__Task to complete__:
Write out the lines of the material below exactly, beginning at the line with "Photo of 160" and stopping after the line with "ͺ[name]Datasheet PDFļ2ҳ", and leave out the pictures.

══ Data records

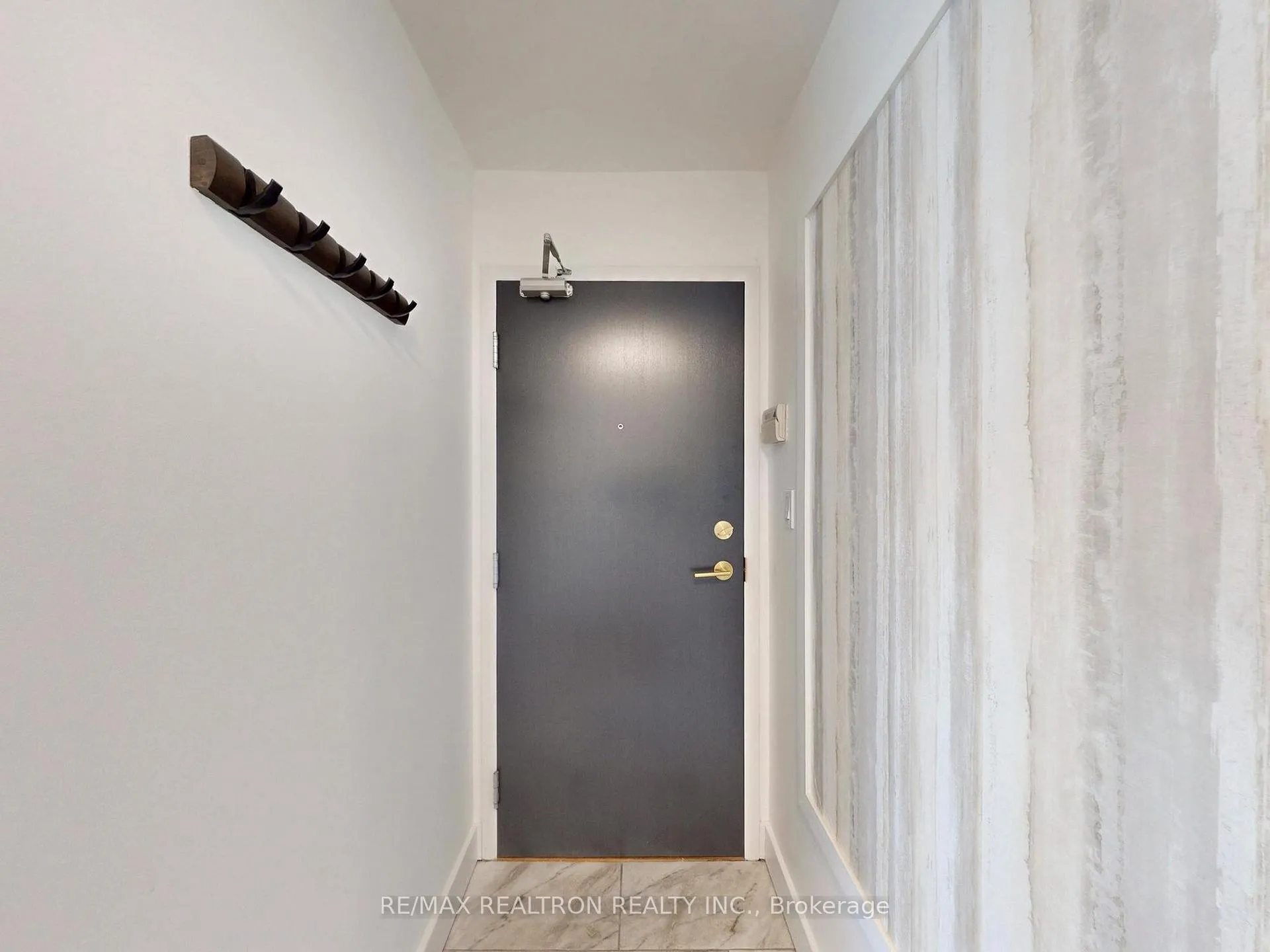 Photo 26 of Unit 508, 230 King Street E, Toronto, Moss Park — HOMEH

════
══ Data records

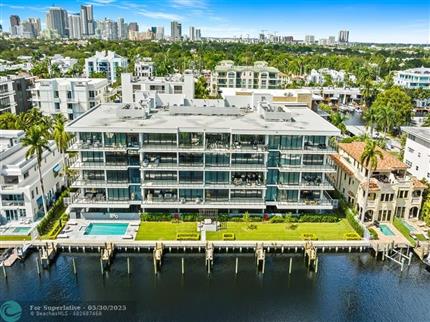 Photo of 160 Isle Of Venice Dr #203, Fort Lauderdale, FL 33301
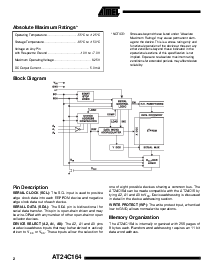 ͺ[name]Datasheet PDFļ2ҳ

════

__Reply__:
 Photo of 160 Isle Of Venice Dr #203, Fort Lauderdale, FL 33301
 ͺ[name]Datasheet PDFļ2ҳ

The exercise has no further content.